What was interesting to me about Poteat’s sermon, is that he didn’t focus on the event of the healing. Instead, he imagined what the next day might have looked like. Poteat writes:
The next day after Jesus had healed the crowds in the low-ceiled house, a man came briskly down the street looking for a door. His step was elastic and his whole appearance suggested the vigor and eagerness of youth. He paused before the door and looked within. On a scaffold, precariously poised, a lone workman was plastering the ceiling. The floor and doorway were cluttered with debris. The young man greeted the plasterer: —
“Good morning neighbor, what are you doing?” There was a slight delay as the workman looked toward the door before answering pleasantly: “O ho; have you not heard about the excitement from yesterday? There was a young man, a healer from Galilee. The place was jammed with people who came to be cured, and He used this house for His ministry….But the big excitement was when four fellows brought a poor palsied wretch, and being unable to crowd into the room, tore open this roof here, and lowered the sick man down in front of the healer. He seemed pleased by it, cured the paralytic, and commended his friends.”

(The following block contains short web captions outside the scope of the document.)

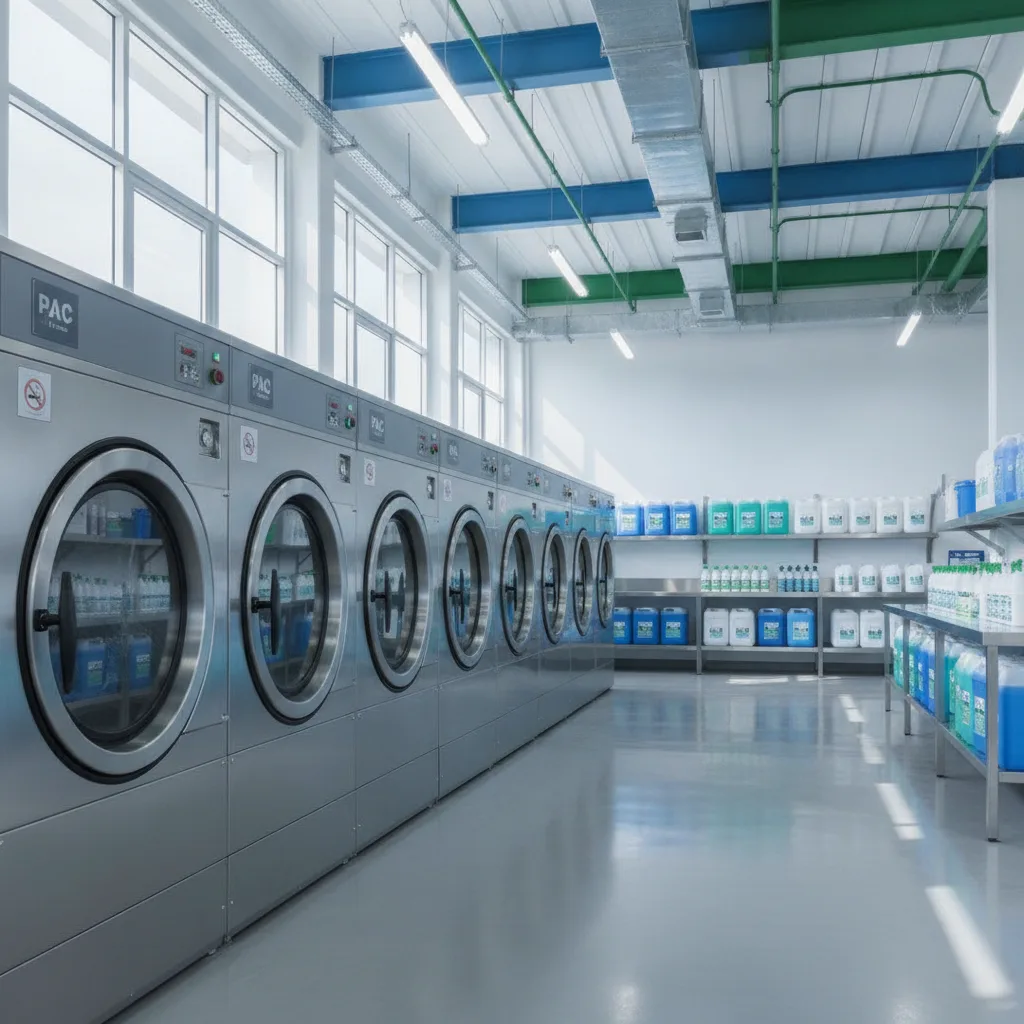 Vista de una lavandería industrial moderna con grandes máquinas lavadoras y productos de limpieza organizados.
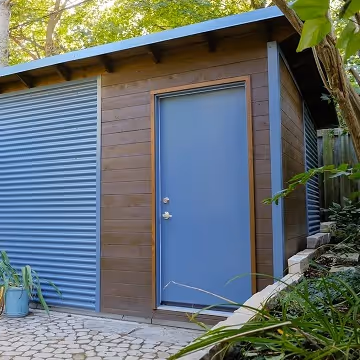 Garden Shed with Blue Steel in Toronto Ontario
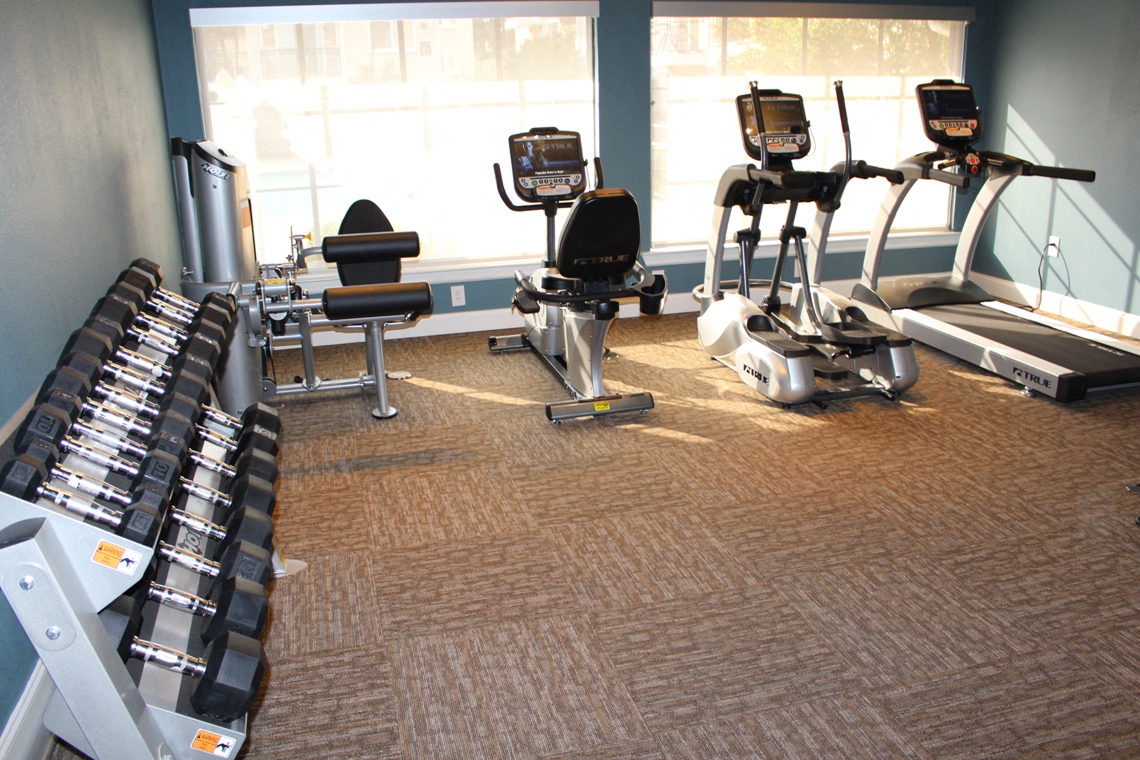 This is a photo of the fitness center showing workout machines at Woodbridge Apartments in Dallas, TX.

“Yes,” observed the young man with an inflection and indicated amusement.
“Who may you be, if I may ask,” went on the workman, “and how happens it that you have not heard of this strange story?” There was a pause before the answer came.
“I’m the palsied wretch,” he said smiling.
“Indeed, and how do you feel?”
“Why I feel great! By the way, whose house is this? I’d thought I’d come round and offer to repair the damage my friends caused.”
The workman laughed quietly, carefully descended from the scaffolding, straightened up stiffly, and proudly answered:
“I’m the owner, and you owe me nothing. As a matter of fact, I’ve been thinking for quite some time that my roof was in pretty bad shape and needed attention. I have a new one now, and we’re all lots better off, it seems. But I’ll confess, I never thought it would come about in any such way as this.”
Now I know what you are thinking: Bob, this is a great story, but what does it have to do with Isaiah 52? Well quite a bit, actually.
The prophet Isaiah envisions the day when YHWH will reside once more on the holy mountain of Jerusalem. Sentinels will stand on the city wall and collectively they will sing out, “God is coming, y’all. We see Him. He’s right there! He’s getting so close!!!*
Throughout the season of Advent, we’ve acted as sentinels, too. We’ve lit candles, and sung carols, and proclaimed stories of peace, hope, joy, and love. God is so close we can taste it!
But now that Christmas has arrived, what it is that we’re celebrating, and what is it that we’re supposed to do next?
We’re celebrating the birth of a child who will inspire friends to take great leaps of faith on behalf of those they love, and one whose witness will inspire others to pursue God’s love over worldly love. We’re celebrating the coming of a God who will quite literally blow the roof off of the structures that keep us subdued to the limitations of this world.
And in the knowledge of such goodness, what is it that we should do? We should sing! Sing praises, because God has comforted His people, and has redeemed Jerusalem.
And tomorrow, when the singing is done, and the Christmas lights begin to go back into attic boxes, give thought to that roof of yours. Perhaps it needs a repair? Or perhaps it needs a giant hole, in order to let a little faith seep in? Either way, we’ll all be lots better off.
May it be so. And may it be soon. Amen.
*Edwin McNeill Poteat, “Vandalism of Faith,” from Andrew W. Blackwood’s The Protestant Pulpit: An Anthology of Master Sermons from the Reformation to Our Own Day. (Baker Book House: Grand Rapids, Michigan, 1947), p 256-263.